I tend to update Splunk Enterprise once in 6 months in a normal scenario. But in case of emergency patch/security vulnerability we might update faster. Also I tend to go minor version 3 or above.. eg, 6.3.4,6.4.3, 6.4.4, 6.5.3, 6.5.4 etc..
as previous versions will contain fixes which may be real issue in large clustered systems. (eg: So though we have Splunk 6.6.0 available, I will still go with Splunk 6.5.4 as it is more stable for large environments)

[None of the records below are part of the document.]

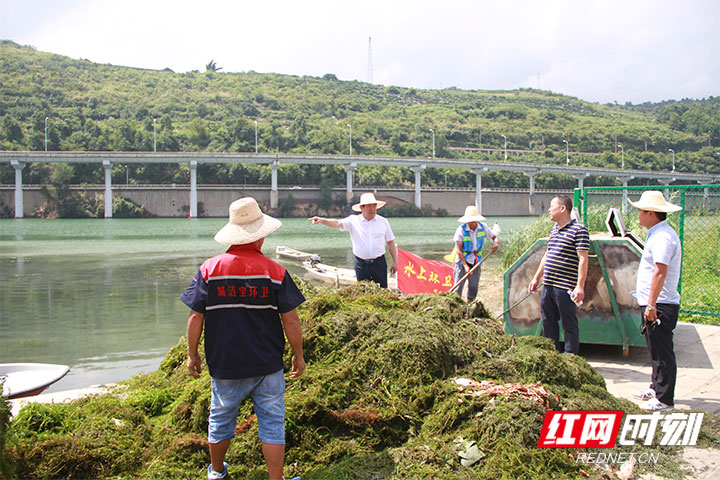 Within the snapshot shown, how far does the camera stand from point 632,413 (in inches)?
172

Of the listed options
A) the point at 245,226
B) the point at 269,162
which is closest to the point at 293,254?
the point at 245,226

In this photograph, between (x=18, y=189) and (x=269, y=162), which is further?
(x=269, y=162)

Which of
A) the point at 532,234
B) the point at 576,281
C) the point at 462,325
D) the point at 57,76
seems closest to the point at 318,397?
the point at 462,325

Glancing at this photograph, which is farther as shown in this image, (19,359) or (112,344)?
(112,344)

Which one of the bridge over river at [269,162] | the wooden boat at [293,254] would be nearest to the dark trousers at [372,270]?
the wooden boat at [293,254]

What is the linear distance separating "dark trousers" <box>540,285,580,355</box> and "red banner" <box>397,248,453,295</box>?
5.22 m

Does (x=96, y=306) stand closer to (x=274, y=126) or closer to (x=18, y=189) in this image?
(x=18, y=189)

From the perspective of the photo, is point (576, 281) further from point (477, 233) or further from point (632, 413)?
point (477, 233)

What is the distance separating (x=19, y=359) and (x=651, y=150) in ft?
487

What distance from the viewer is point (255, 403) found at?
11.4ft

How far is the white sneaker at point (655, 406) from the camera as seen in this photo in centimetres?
471

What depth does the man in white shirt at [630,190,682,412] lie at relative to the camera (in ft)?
15.6

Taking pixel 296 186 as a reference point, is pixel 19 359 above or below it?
below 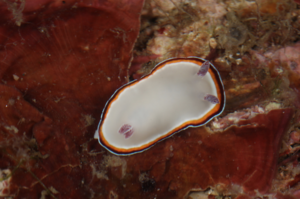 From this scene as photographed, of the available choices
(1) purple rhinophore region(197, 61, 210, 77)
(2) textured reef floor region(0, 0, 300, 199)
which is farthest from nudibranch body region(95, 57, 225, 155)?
(2) textured reef floor region(0, 0, 300, 199)

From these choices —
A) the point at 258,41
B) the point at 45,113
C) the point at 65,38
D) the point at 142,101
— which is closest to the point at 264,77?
the point at 258,41

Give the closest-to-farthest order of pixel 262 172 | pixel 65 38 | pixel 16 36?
pixel 16 36, pixel 65 38, pixel 262 172

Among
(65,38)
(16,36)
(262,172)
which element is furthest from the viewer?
(262,172)

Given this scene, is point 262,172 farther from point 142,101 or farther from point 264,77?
point 142,101

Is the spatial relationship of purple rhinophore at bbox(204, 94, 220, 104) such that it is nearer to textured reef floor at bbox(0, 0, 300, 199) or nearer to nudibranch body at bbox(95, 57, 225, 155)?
nudibranch body at bbox(95, 57, 225, 155)

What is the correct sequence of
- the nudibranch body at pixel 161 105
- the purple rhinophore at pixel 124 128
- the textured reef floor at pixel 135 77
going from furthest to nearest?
the nudibranch body at pixel 161 105
the purple rhinophore at pixel 124 128
the textured reef floor at pixel 135 77

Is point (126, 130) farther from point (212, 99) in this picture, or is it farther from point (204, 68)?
point (204, 68)

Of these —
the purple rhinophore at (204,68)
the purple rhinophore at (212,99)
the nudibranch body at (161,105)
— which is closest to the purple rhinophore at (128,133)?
the nudibranch body at (161,105)

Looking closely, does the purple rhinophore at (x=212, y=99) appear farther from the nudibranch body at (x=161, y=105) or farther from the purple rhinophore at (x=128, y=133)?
the purple rhinophore at (x=128, y=133)
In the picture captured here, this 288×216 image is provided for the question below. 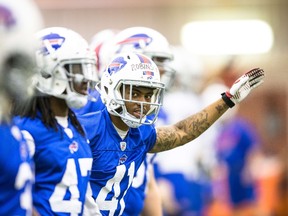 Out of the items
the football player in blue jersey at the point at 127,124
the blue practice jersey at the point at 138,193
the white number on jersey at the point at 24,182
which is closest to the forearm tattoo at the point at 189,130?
the football player in blue jersey at the point at 127,124

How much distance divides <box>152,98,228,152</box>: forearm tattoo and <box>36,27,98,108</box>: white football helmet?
0.54m

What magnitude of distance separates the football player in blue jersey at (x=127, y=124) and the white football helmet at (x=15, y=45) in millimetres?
1289

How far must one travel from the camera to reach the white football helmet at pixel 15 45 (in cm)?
372

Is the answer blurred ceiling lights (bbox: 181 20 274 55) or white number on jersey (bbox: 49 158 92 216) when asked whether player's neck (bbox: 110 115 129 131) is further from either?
blurred ceiling lights (bbox: 181 20 274 55)

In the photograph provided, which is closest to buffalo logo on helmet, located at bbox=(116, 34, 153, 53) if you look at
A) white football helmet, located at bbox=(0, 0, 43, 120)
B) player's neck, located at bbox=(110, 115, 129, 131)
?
player's neck, located at bbox=(110, 115, 129, 131)

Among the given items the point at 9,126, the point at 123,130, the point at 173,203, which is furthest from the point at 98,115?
the point at 173,203

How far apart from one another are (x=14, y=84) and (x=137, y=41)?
2708 mm

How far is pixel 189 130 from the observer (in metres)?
5.44

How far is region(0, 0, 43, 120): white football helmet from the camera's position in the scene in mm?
3721

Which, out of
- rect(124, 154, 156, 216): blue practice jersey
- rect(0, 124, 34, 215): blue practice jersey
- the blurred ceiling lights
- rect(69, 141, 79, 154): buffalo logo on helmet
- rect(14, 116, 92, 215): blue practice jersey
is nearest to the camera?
rect(0, 124, 34, 215): blue practice jersey

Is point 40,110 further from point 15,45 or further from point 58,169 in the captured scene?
point 15,45

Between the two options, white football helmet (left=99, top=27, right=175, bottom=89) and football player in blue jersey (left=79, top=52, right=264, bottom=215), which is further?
white football helmet (left=99, top=27, right=175, bottom=89)

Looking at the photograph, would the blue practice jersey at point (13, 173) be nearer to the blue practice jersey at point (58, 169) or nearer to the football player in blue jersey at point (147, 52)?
the blue practice jersey at point (58, 169)

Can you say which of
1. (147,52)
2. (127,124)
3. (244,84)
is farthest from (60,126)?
(147,52) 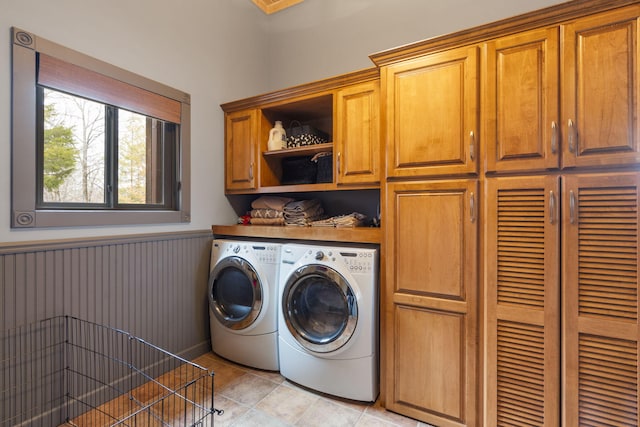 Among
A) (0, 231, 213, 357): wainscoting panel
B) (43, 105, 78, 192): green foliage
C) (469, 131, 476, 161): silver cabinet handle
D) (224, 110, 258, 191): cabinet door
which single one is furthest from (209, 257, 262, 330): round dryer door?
(469, 131, 476, 161): silver cabinet handle

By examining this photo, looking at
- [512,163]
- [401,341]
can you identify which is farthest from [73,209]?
[512,163]

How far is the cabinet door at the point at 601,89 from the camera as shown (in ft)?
4.03

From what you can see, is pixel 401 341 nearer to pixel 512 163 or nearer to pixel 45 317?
pixel 512 163

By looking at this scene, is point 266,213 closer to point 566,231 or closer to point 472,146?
point 472,146

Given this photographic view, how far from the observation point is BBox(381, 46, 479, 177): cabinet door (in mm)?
1516

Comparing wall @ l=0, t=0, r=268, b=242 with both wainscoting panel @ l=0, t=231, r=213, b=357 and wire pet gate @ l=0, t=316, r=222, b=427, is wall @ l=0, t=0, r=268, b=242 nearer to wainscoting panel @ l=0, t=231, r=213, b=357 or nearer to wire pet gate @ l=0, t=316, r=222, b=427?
wainscoting panel @ l=0, t=231, r=213, b=357

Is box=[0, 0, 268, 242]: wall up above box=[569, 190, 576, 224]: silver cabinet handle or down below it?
above

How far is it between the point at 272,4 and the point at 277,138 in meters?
1.59

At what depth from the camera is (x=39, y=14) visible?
1544 millimetres

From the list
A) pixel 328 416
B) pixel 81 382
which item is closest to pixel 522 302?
pixel 328 416

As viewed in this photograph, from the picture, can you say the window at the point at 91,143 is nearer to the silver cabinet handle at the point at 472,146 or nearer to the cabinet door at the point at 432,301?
the cabinet door at the point at 432,301

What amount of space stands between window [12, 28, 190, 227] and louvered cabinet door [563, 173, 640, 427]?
7.76 ft

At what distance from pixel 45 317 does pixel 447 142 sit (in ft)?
7.45

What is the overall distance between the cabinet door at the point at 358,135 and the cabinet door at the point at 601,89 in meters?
A: 0.94
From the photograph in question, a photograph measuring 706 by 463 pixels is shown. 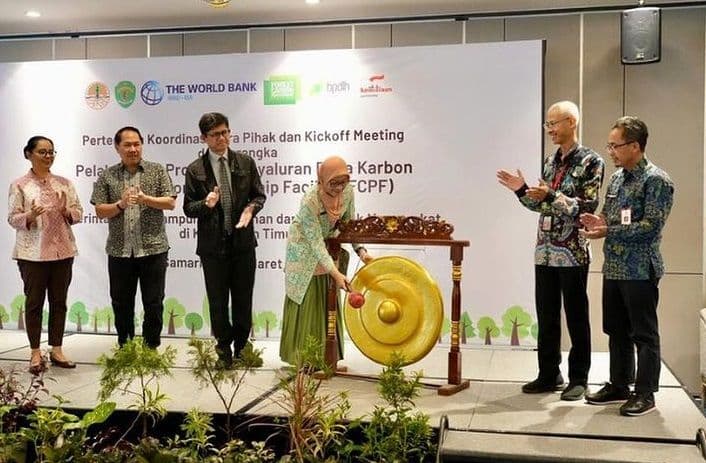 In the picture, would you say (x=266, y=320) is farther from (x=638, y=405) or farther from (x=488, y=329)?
(x=638, y=405)

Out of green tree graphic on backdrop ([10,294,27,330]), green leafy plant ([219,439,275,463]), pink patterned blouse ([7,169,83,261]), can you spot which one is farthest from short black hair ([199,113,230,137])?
green tree graphic on backdrop ([10,294,27,330])

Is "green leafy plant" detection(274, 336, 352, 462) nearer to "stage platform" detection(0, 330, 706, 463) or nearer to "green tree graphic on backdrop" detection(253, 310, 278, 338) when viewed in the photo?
"stage platform" detection(0, 330, 706, 463)

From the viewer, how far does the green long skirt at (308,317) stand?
14.7 feet

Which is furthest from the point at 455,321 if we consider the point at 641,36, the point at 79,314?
the point at 79,314

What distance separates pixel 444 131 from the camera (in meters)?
5.45

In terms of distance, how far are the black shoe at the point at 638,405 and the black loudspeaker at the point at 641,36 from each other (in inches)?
90.5

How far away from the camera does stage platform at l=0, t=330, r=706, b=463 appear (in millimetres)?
3188

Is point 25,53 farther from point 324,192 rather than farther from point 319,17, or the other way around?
point 324,192

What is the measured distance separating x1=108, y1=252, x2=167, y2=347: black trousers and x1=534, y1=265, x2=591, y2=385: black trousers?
214cm

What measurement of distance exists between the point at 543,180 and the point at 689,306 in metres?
2.08

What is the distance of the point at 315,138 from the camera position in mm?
5656

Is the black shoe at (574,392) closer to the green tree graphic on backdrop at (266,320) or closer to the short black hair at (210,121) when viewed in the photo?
the short black hair at (210,121)

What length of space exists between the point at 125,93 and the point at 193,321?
5.67 feet

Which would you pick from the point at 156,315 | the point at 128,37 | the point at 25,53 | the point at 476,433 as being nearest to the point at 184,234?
the point at 156,315
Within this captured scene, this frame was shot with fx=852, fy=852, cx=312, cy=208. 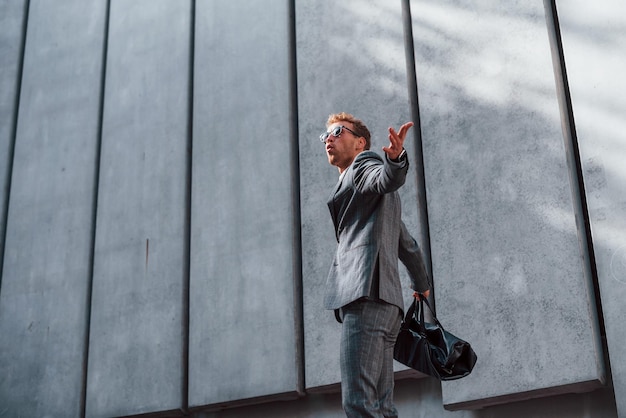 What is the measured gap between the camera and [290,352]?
7590mm

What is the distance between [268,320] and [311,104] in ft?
6.91

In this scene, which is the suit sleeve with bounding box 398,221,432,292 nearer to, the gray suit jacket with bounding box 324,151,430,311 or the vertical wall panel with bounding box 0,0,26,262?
the gray suit jacket with bounding box 324,151,430,311

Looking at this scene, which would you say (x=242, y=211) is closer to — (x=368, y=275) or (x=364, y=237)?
(x=364, y=237)

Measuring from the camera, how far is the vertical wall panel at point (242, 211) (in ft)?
25.5

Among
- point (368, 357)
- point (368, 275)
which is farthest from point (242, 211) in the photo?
point (368, 357)

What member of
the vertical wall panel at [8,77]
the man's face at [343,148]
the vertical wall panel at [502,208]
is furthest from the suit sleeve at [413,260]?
the vertical wall panel at [8,77]

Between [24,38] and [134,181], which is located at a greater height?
[24,38]

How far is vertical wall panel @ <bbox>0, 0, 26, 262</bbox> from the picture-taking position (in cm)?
1019

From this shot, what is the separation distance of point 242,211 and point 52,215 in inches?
104

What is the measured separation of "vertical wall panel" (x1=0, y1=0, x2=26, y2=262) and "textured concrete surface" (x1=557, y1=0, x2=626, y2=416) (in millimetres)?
6648

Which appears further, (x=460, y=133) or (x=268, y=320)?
(x=268, y=320)

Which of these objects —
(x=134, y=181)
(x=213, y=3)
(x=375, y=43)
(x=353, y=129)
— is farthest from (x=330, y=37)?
(x=353, y=129)

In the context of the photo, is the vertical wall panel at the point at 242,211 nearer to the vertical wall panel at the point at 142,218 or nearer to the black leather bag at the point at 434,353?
the vertical wall panel at the point at 142,218

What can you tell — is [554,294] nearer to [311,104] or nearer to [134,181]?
[311,104] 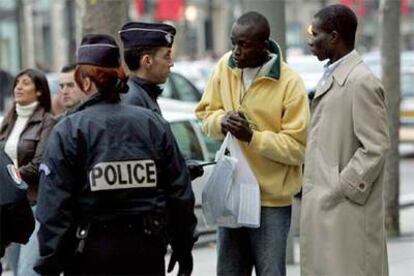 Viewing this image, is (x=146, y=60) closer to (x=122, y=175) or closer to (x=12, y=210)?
(x=122, y=175)

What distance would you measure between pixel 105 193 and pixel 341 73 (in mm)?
1476

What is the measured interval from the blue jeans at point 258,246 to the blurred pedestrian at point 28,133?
4.15 feet

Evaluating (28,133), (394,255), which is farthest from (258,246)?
(394,255)

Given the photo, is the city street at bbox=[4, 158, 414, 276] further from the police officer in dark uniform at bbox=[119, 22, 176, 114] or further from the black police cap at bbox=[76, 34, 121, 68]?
the black police cap at bbox=[76, 34, 121, 68]

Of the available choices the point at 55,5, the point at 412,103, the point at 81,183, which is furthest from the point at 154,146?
the point at 55,5

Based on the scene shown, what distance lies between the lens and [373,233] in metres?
6.32

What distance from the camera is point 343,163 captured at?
6246 mm

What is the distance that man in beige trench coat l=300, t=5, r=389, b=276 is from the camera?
6188mm

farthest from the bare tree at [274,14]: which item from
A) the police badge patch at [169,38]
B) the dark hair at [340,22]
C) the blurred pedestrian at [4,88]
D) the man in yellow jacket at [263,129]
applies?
the blurred pedestrian at [4,88]

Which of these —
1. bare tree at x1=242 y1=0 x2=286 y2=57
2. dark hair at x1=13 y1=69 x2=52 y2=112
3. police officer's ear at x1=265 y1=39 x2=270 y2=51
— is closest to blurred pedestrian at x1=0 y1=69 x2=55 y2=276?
dark hair at x1=13 y1=69 x2=52 y2=112

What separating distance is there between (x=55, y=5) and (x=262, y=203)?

Splunk UF's are more painful as we need to get approval from every single team one by one. But fortunatley, Splunk UF is backward compatible to a very long time. So unless there is a vulnerability we tend NOT to upgrade. Also some clients are Windows2008 are not supported by SplunkUF6.4.x. So it is more of a question, what you are going to achieve by upgrading Splunk UF as frequently as Enterprise

Hi,

we also operate a clustered indexer and searchhead environment.
I am in the role as the splunk admin for the infrastructure as well as the application.
Our splunk environment runs on 6.4.1. And I would suggest upgrading once a year, because it means a lot of preparation and work.

For us it when ever there is bug fix, performance improvement, or new feature. Thought we never install a new major version until a dot release.